» **Required work**
Output every entry below word for word, minus the images.
*** Opening of Task input ***
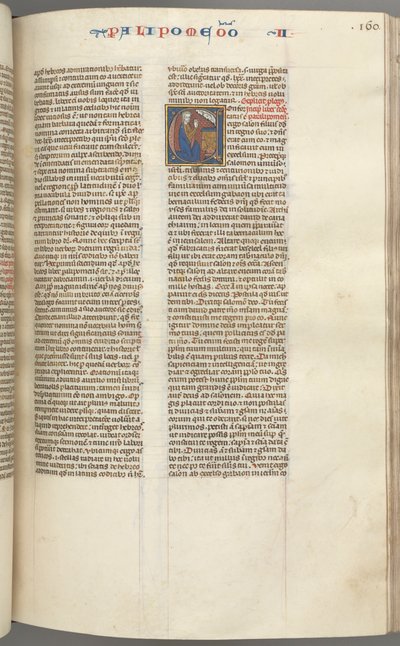 Fol. 160r, Crónicas II, inicial historiada C, Salomón arrodillado ante un altar rezando..., c. 127 de Unbekannt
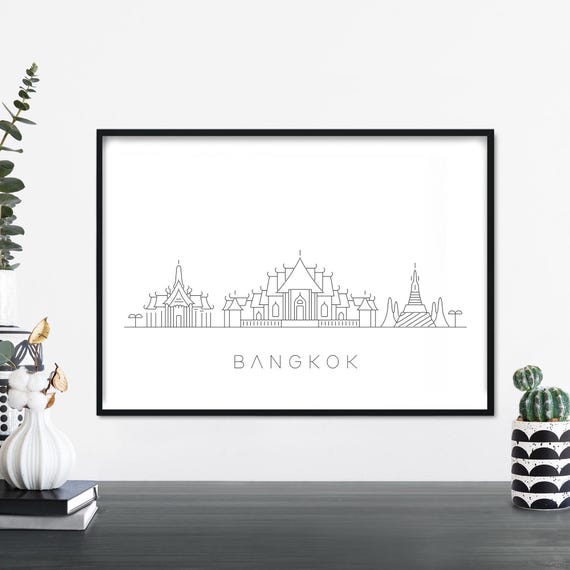 Bangkok City Skyline Linear Illustration Print Wall Art 4x6 5x7 A4 A3 A2 A1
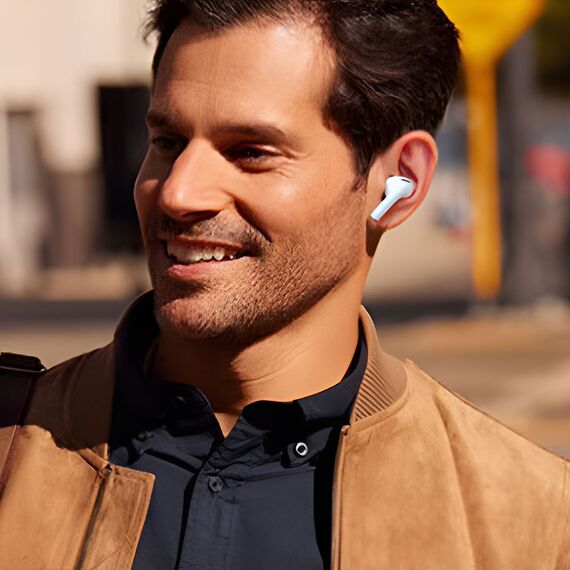 Dudao U19 in-ear TWS wireless Bluetooth 5.3 headphones with LED display - white | Techbox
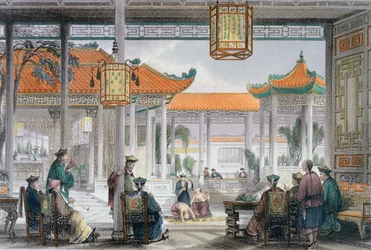 Malabaristas exhibiéndose en el patio del palacio de un mandarín, China, 1843
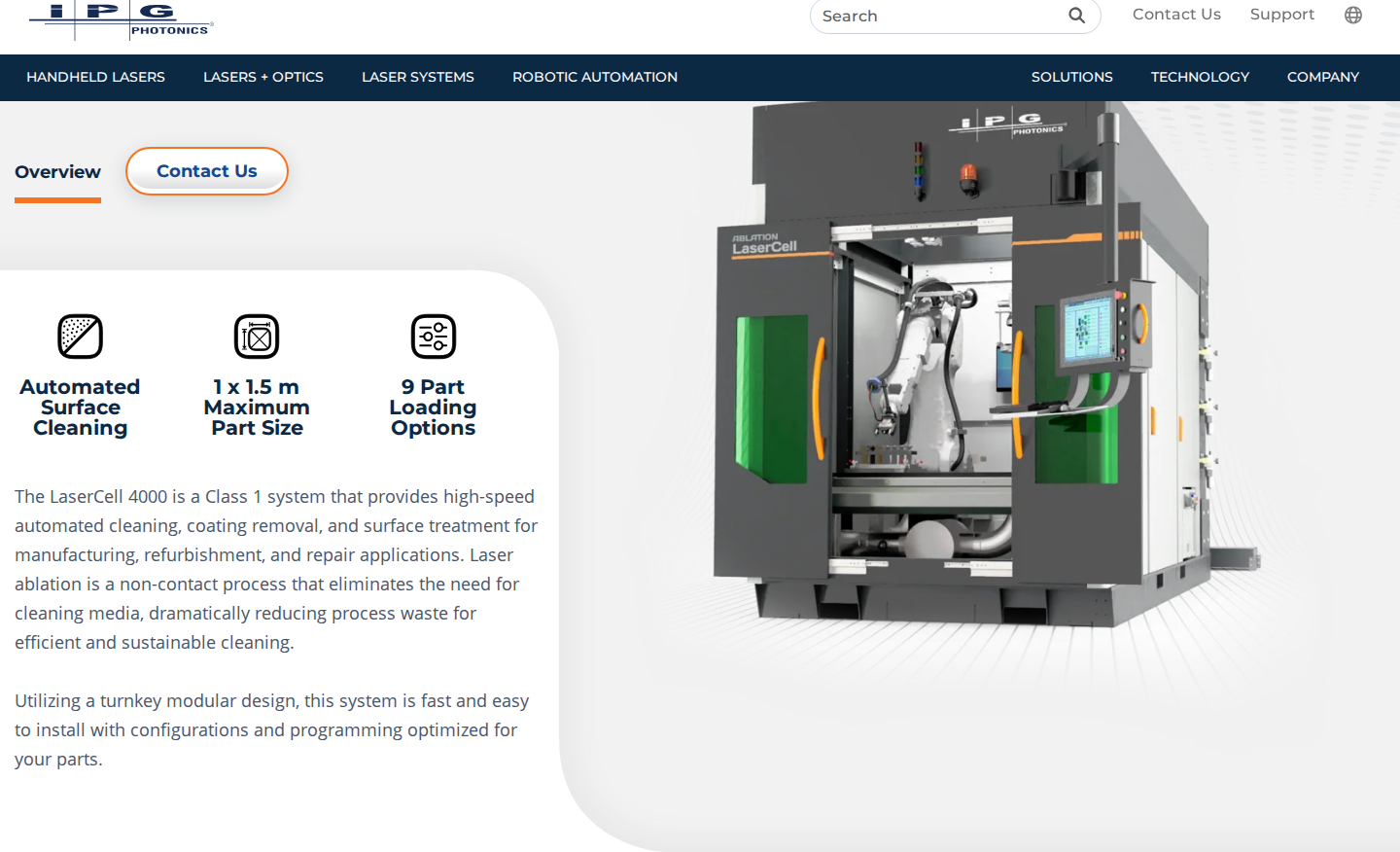 IPG Photonics LaserCell 4000 Automated Laser Cleaning System product hero with enclosed cell image and headline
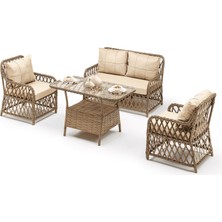Hier Med Rattan Bahçe Balkon Mobilyası 2+1+1+Masa  Bahçe Takımı Balkon Mobilyası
*** Close of Task input ***
» **Answer to the problem**
 Fol. 160r, Crónicas II, inicial historiada C, Salomón arrodillado ante un altar rezando..., c. 127 de Unbekannt
 Bangkok City Skyline Linear Illustration Print Wall Art 4x6 5x7 A4 A3 A2 A1
 Dudao U19 in-ear TWS wireless Bluetooth 5.3 headphones with LED display - white | Techbox
 Malabaristas exhibiéndose en el patio del palacio de un mandarín, China, 1843
 IPG Photonics LaserCell 4000 Automated Laser Cleaning System product hero with enclosed cell image and headline
Hier Med Rattan Bahçe Balkon Mobilyası 2+1+1+Masa  Bahçe Takımı Balkon Mobilyası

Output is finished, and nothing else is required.